There are potentially some significant new VAT implications for business owners on the horizon as a result of Brexit and the situation is currently under debate. Although in the last Budget, Philip Hammond said he was intending to keep tax laws as close as possible to the current position to avoid any detrimental impact on business owners after the UK leaves the EU, there is an issue with VAT looming ahead.
Unless HMRC acts with interim measures, it could mean cash flow problems for thousands of firms who will be forced to pay VAT upfront in cash on imports when the UK leaves the EU.
It could mean that EC imports would potentially incur VAT as soon as they hit UK shores unless the business owner has a deferment account with HMRC, which would entitle them to defer the charges until the 15th day of the following month.
Currently, MPs are calling for a deal to be brokered between the UK and member states. Nicky Morgan the Treasury committee chair has written to HMRC asking for clarification to try and reassure business owners of their cash flow obligations.

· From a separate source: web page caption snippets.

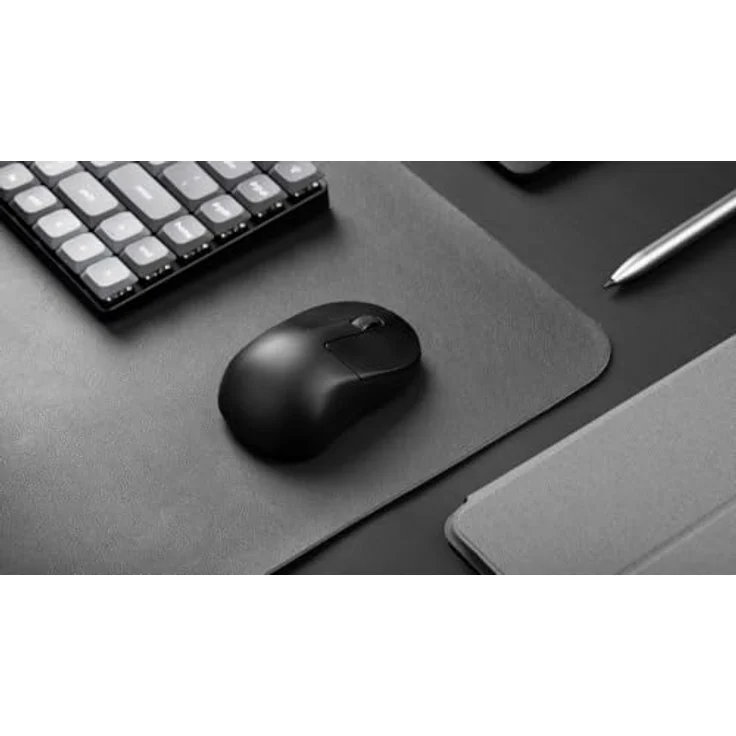 Keychron M4 Kabellose Maus, PixArt 3395-Sensor mit programmierbarer Makrotaste 26.000 DPI, 4000Hz 2.4GHz Bluetooth 5.1, 35 g, ultraleichtes ergonomisches Design – Schwarz – Bild 2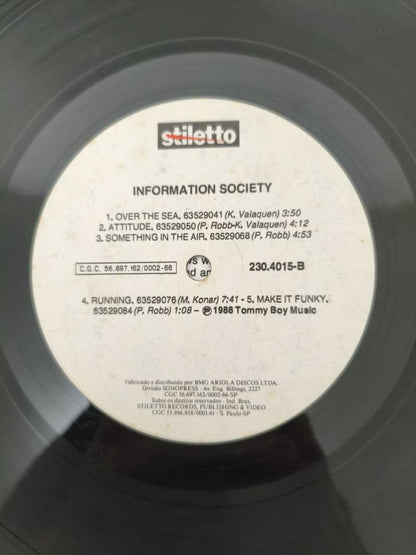 Lp Vinil Information Society 1988 Com Encarte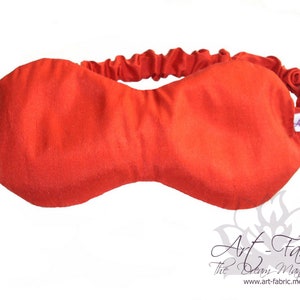 Traum-Schlafmaske aus reiner Seide mit Bio-Füllung Rot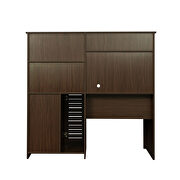 Home office computer desk with hutch in walnut by La Spezia additional picture 7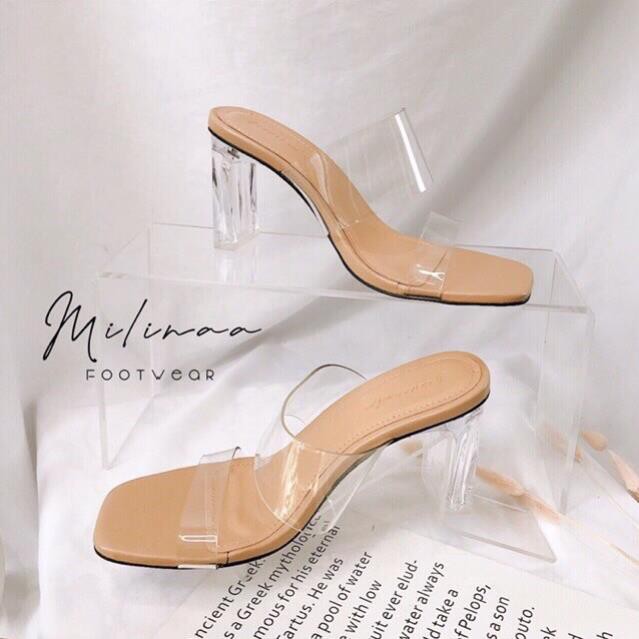 Guốc nữ quai trong gót mika (ảnh thật)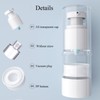 Qeuly 3 Pack Airless Pump Bottles Travel Size Pump Bottle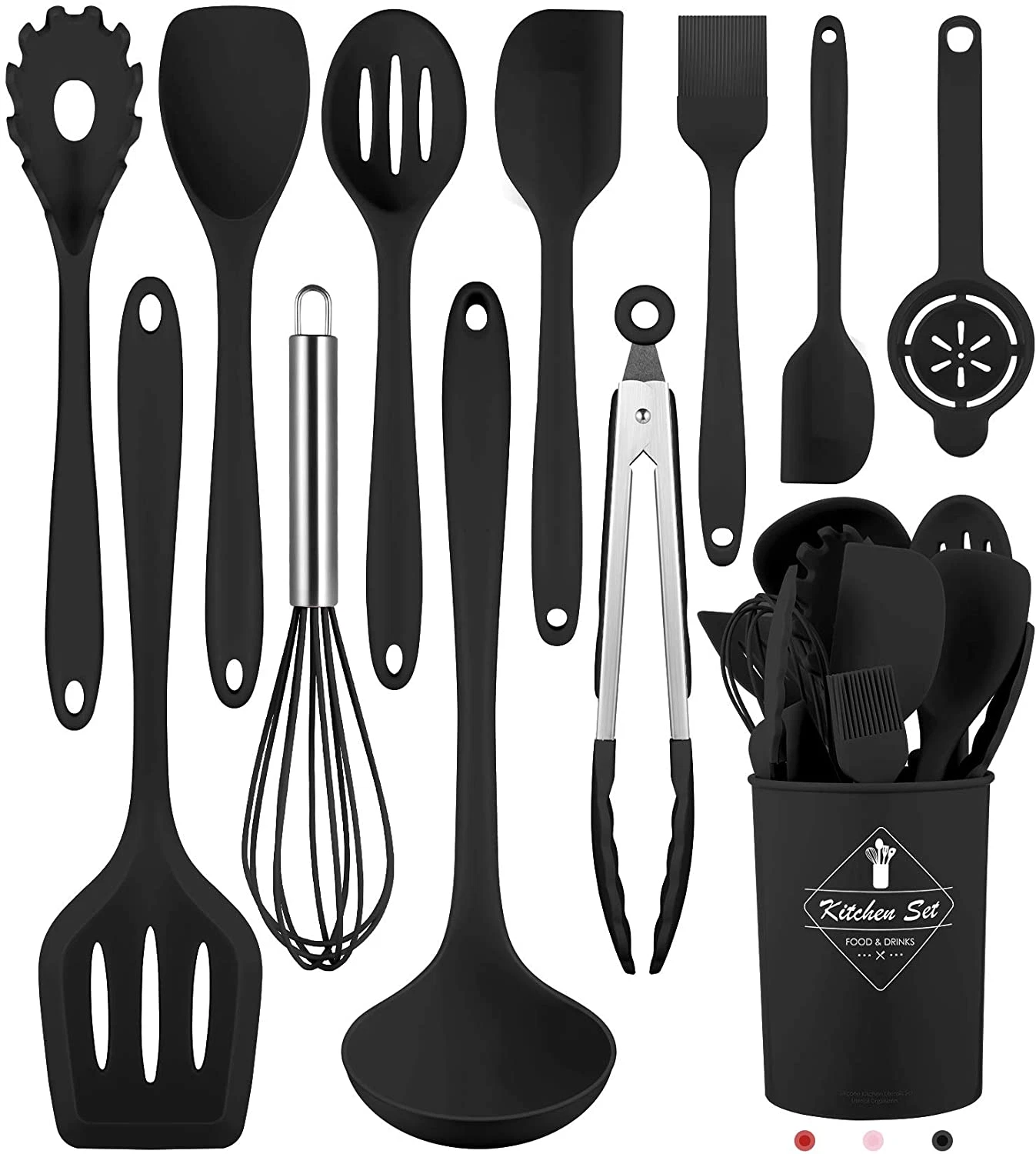 Kitchen Utensils Set-12 Pieces Silicone Cooking Utensils Set Dishwasher Safe 392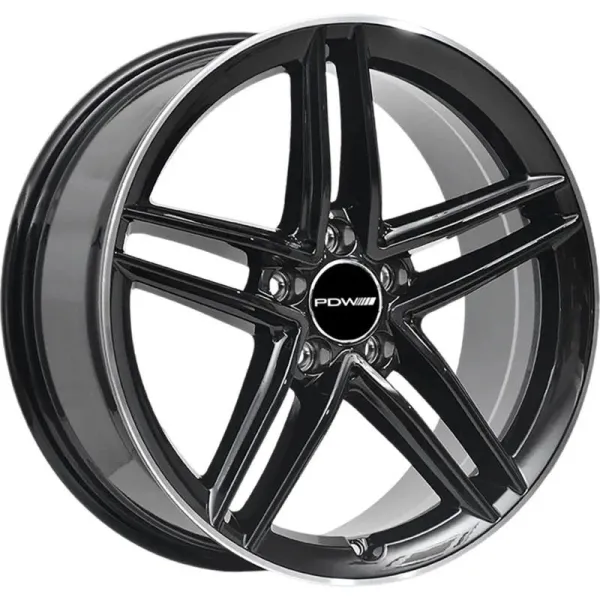 Диск PDW FF2127 18х7,5 5x112 et 35 dia 66,56 Gloss Black Machine Edge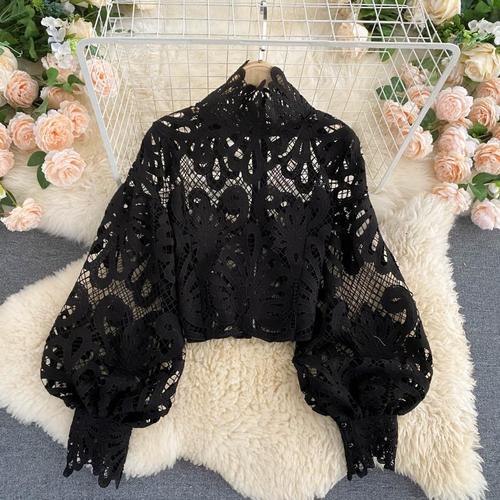 Black Lace Blouse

The British Retail Consortium is also concerned about the situation and emphasised the importance for business owners affected to know what their future tax liability will be and whether measures are needed to avoid any negative cash flow implications and also to avoid price increases to consumers. Their chief executive Helen Dickinson, said: “It’s ridiculous to assume that it would be easy to bring forward the timings on such significant amounts of cash.” She added, “Resolving this uncertainty can be achieved by securing a deal between the UK and EU on VAT and through policy measures adopted by HMRC like self-assessment.”
One UK based furniture retailer, who is importing products from Italy said, “Having to pay the VAT upfront could have a massive effect on our business as it would cause cash flow problems due to the frequency of our collections and having to wait a full quarter before we can reclaim the VAT. It could even put us out of business.”
In our view, HMRC will need to find a temporary solution to this problem to help businesses who import from other member states, to avoid a huge cash flow issue once Brexit is finalised.